Whatever the answer to this question, long may Costa Rica stay as COVID-19-free as possible.
Jorge Sauma of Corbana spoke to Fruitnet recently to outline moves taken by the country’s banana sector to deal with the pandemic
How is the coronavirus impacting the production and export of bananas in Costa Rican?
Jorge Sauma: So far the sector has not been badly disrupted. [As of 22 April the country had reported 669 cases of Covid-19 and six deaths]. Banana farms have been operating normally, but with all of the necessary measures in place to protect workers.
During the first two months of this year, Costa Rican banana exports increased by 6 per cent, but we are waiting to have the March figure complete to how coronavirus has affected shipments.
What security measures have companies had to put in place to safeguard workers and prevent the spread of the virus?
JS: The safety and health of workers is a priority for banana companies. Corbana has developed and disseminated comprehensive protocols on social distancing and hygiene, based on the norms and recommendations of the Ministry of Health and other relevant authorities.
These include such measures as regular hand washing; staggered lunch breaks; restrictions on how many workers can travel on each vehicle; disinfection of all personnel and entering farms and packhouses and training for all workers.
What difficulties are you experiencing in terms of logistics? Are the country’s ports still operating normally?
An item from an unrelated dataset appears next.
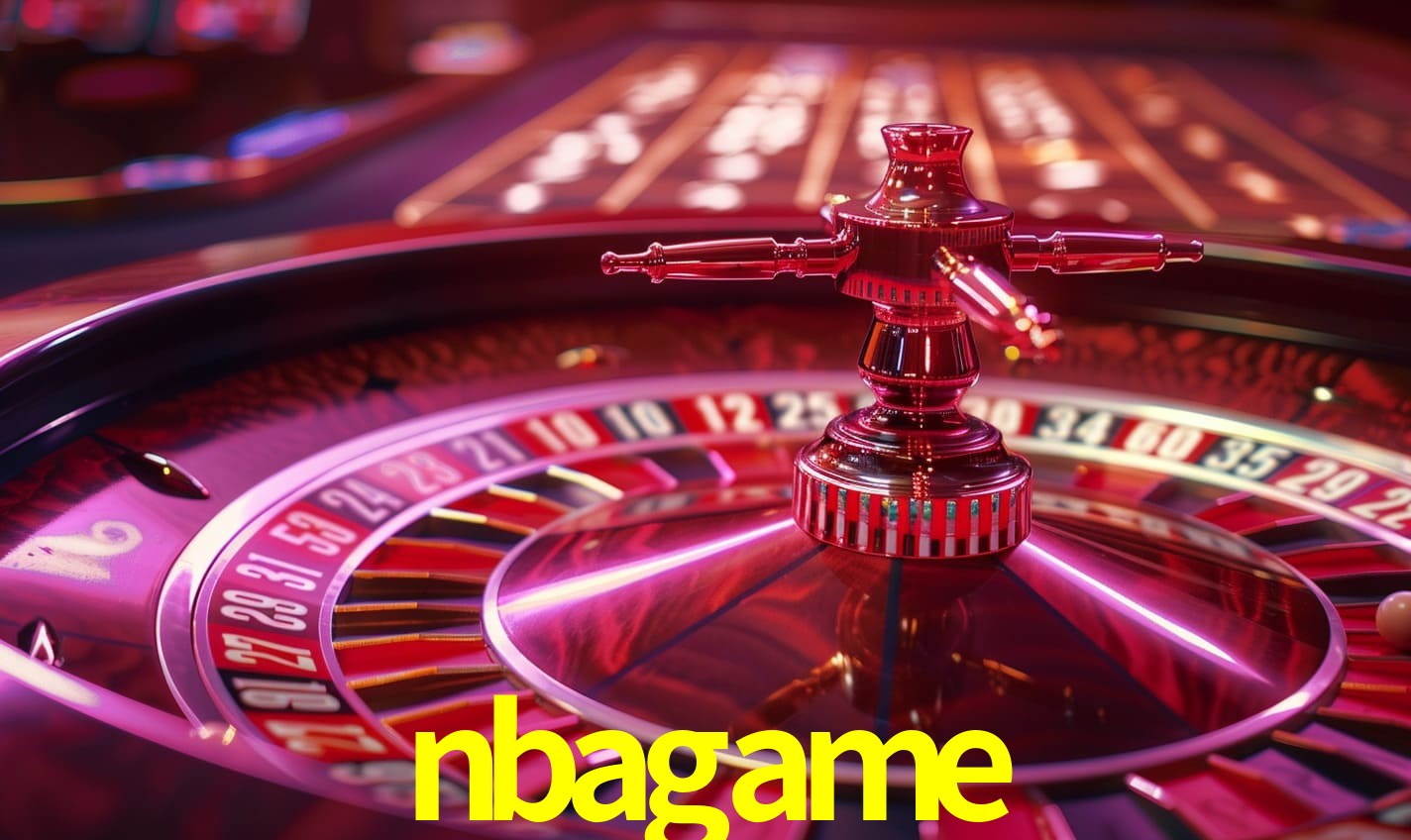 Diretório de Jogos nbagame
JS: We haven’t experienced any delays so far, but we are having some issues with availability of containers, surcharges implemented by shipping companies, delays at some destination ports and interruptions at border crossings, but by and large we’ve managed to deal with these as and when they arise.
We remain optimistic that the situation will not get worse, but everything will depend on how the disease evolves and the measures markets put in place to prevent its spread.
Has the sector received any help from the government?
JS: The government has implemented a range of measures, such as tax holidays and a moratorium on loan repayments.
The measures also include a three-month moratorium on the payment of VAT, income tax and customs duties for companies, extendable to a fourth month. The Central Bank of Costa Rica carried has also reduced interest rates and made loan conditions more flexible, while the government has approved a new law to make working hours more flexible.
Has there been a notable downturn in orders? If so, in which markets have you noticed the greatest difference? And are you taking steps to reduce your export volume?
JS: According to publications by various media, consumption of vegetables and fruits has exploded as cases of Covid-19 have grown and more people are confined to their homes. There has been an increase in demand bananas, as one of the most widely consumed fruits, but we’ll need more time to see exactly how this translates into higher sales.
It looks as though the current situation will last for at least a few more months. What do you think the long-term impact will be on the Costa Rican banana industry?
JS: As I said, there has been no noticeable impact so far, but we cannot rule out that there will be consequences, although quantifying them is difficult right now. But we must be prepared to look for solutions.
For sure, there will be a contraction in the global economy and its extent will vary from country to country. Bananas are the cheapest fruit in produce aisles and also the one that provides one of the greatest contributions to health as they are a rich source of potassium and vitamins.
A recent study shows that bananas are also a good source of protein and lectin which has virus-fighting powers and can therefore help consumers during the current pandemic.